Very well put. IMO, the lenses with poor optical correction that rely more on digital processing than is typical for the final result such as the RF 16, RF 24, etc can produce good images most of the time for most people in most situations, which was obviously the goal to keep their prices low. The only places where they can struggle imo is in shots that need specific and accurate rendering of small minute details in the corners, some examples would be night shots with star fields, or small objects in the corners that stand apart from the rest of the background. The digital correction can sometimes result in longitudinal smearing of small elements as the image is stretched to correctly fill the frame. This is less noticeable in shots with broad consistent features throughout the image like the landscape shot you shared.


----------



## neuroanatomist (Sep 18, 2022)

unfocused said:


> Yeah, it's worthless for landscapes.
> 
> View attachment 205656


You can clearly see the horrible distortion – none of the rocks have straight lines, nor do the cactuses. Plus, the lens seems to render most of the image in brown hues. Obviously, the lens has problems.


----------



## LogicExtremist (Sep 18, 2022)

unfocused said:


> Yeah, it's worthless for landscapes.


That's a false dichotomy logical fallacy, that there are only two possible states, useless or awesome lol!  

The adequacy of lenses for a particular task run on a continuum, and some aren't the best choice, though they may just cut it, in certain shots where the compromises aren't that obvious due to subject matter, conditions, and composition, may suffice. 



unfocused said:


> I have both the RF16mm f2.8 and the RF 14-35 L. One is light, tiny, inexpensive and faster by a stop. One is wider by 2mm, zooms and is weather resistant.
> 
> If anyone has trouble producing quality images with either lens, it's not the lens that is the problem.


Precisely, different lenses, for different purposes, at different price points, with different features and different image quality!

Yes, I also agree with the sufficiency argument, that almost any _reasonable_ camera gear can take amazing photos and is more than sufficient for most people's needs. If people like buying really fancy gear, because they want it, and they enjoy that, great for them! If you had to take a photo for a paid job, you'd take your RF 14-35, it's sufficient for the task and don't really need a RF 15-35 if a wide 2.8 aperture isn't needed.
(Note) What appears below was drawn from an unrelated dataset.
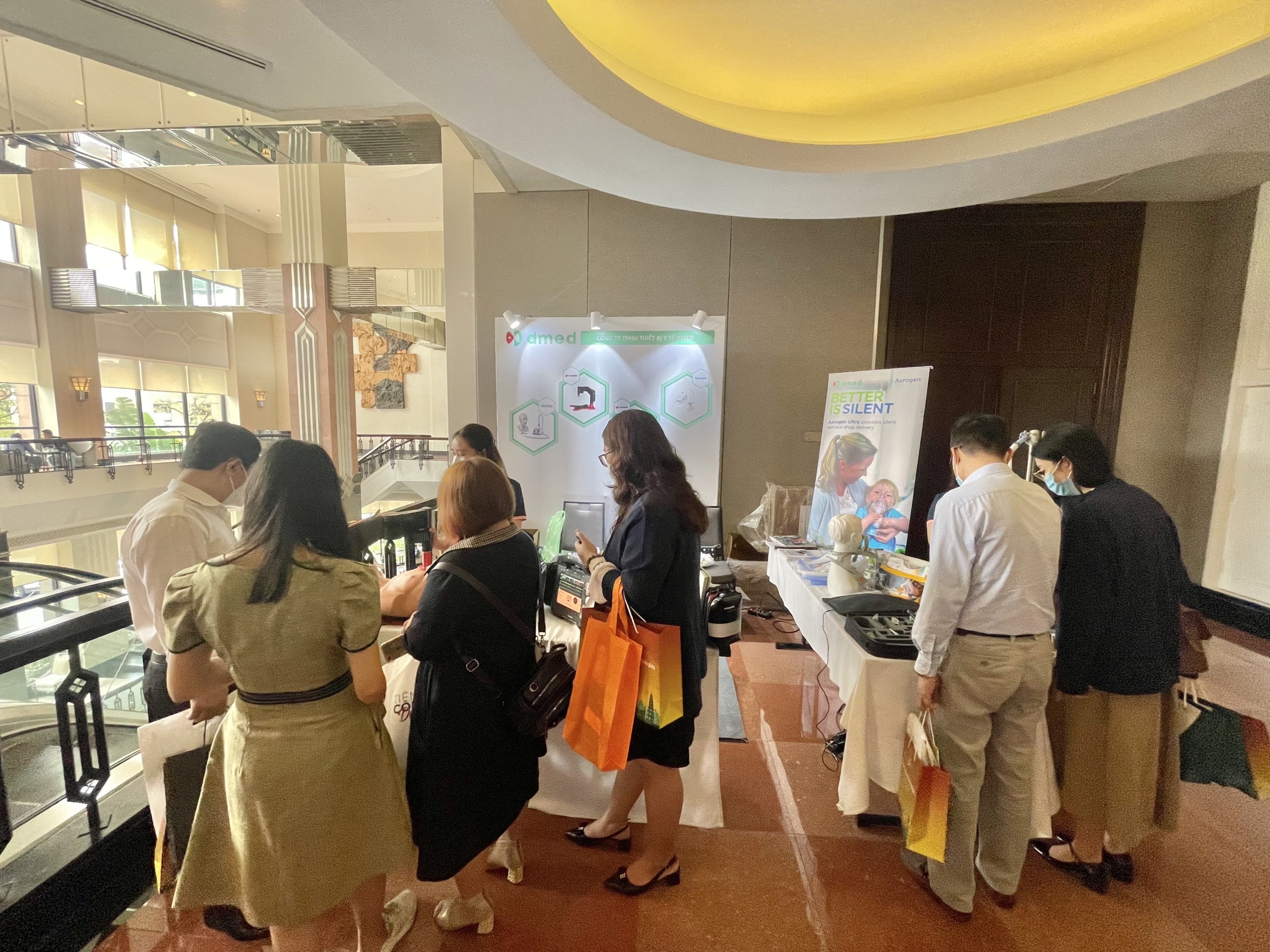 Atmosphere at the 2022 Southeast Asian Congress of Anesthesiology – photo 4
You wouldn't take the RF16mm, it's not in that 'sufficient tier'.

I don't understand the defensiveness people display over brands or specific products they own. The lower tier of Canon's RF lenses have quite a few compromises, thought there are a few gems in there like the RF 35mm f/1.8 macro, but some people even dislike that. I like it but I don't get worked up when people point out its shortcomings. The shortcomings are real, whether it works for me and not for them is an individual case-by-case matter. I've managed some decent shots with my RF 50mm f/1.8 but that doesn't make it a great lens, and in my opinion optically it's worlds better than the RF 16mm. 

What's so hard for people to accept about the fact that cheap consumer lenses have compromises to optical quality, which is measurable. They're not as good as the f/4 L lenses which are generally not as good as the f/2.8 L lenses, in UW at least. If you like the lens, great, nobody is saying you can't, but on the same token, everybody doesn't have to love it either. It's as silly as arguing over which flavour of ice-cream is better lol!


----------



## LogicExtremist (Sep 18, 2022)

neuroanatomist said:


> You can clearly see the horrible distortion – none of the rocks have straight lines, nor do the cactuses. Plus, the lens seems to render most of the image in brown hues. Obviously, the lens has problems.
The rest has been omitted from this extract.